You must not have used MP3Gain. If, for example, you use 89dB as the reference, and it returns a -5dB gain, then you change to 92dB, it'll return -2dB!
The real problem is: scanners (and users) are not supposed to change the reference level when scanning, because it is in the standard.
So, because users have the ability (and reasons) to change the reference level, why don't we just remove it from the standard, and store the SPL instead?
Actually, that's the problem! If you mix your library with mine, who use 89dB, they'll play with different loudness. And there's no way to tell which files scanned with which reference. If, however, RG store the LEVEL instead, you can play with your 92dB "Preferred Level", and I can play with my 89dB. No matter what one chooses, all files in this world, scanned with RG, will have the same loudness. That's what I call standard. Doesn't that make sense?
Now one more question. Anyone know why the reference level was changed from 83dB to 89dB? Is there any possibility it will be changed again?
Because that's what people actually used (see here). As I recall it, 89 dB was used because 83 dB was seen as a bit low, especially for portable players. Considering it has stayed the same for over 5 years, I wouldn't expect it to be changed again.As for using level rather than gain, it has been discussed before (both in the thread linked above, as well as here), and was considered too late to change in 2003...

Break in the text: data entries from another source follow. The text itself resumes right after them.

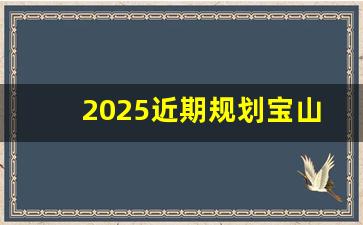 2025近期规划宝山_上海宝山2035总体规划图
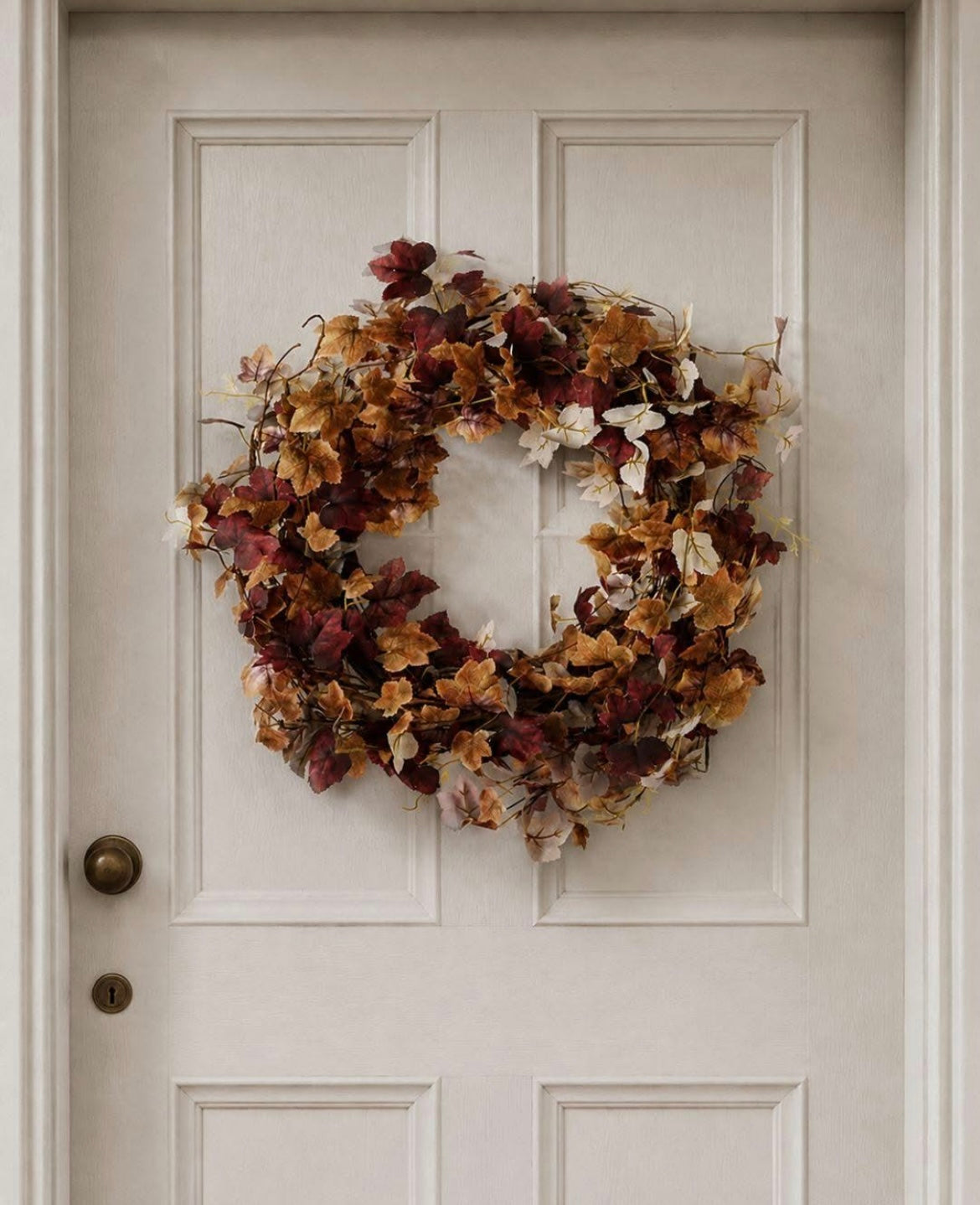 Rustic Autumn Leaf Wreath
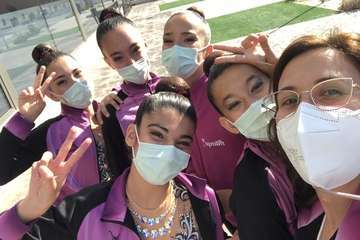  El equipo cadete del Attenya Telde logra el oro en el Campeonato Nacional de Conjuntos/TA.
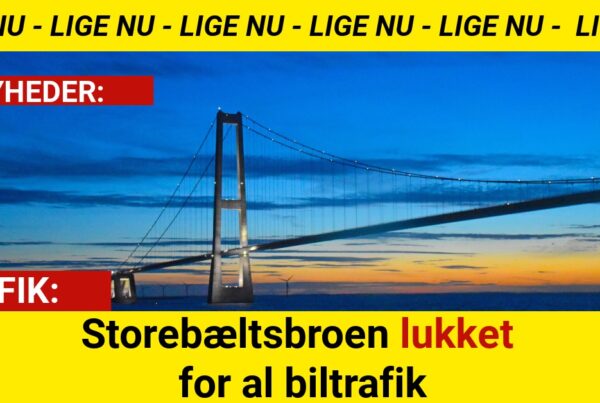 Storebæltsbroen lukket for al biltrafik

When it stored the absolute loudness of the file (e.g. 92dB), it was called Replay Level.When it changed to storing the relative gain (e.g. -3dB), it was renamed to Replay Gain: relative gains, referenced to making the loudness 83dB through a calibrated system, plus 6dB.... conceptually, saying the file sounds x dB loud at reference playback level doesn't actually tell you how much to change the gain if the non-parallel equal loudness curves are ever taken into account ... Whereas saying "shift it x dB to make it the reference playback loudness" can include that factor in the calculation.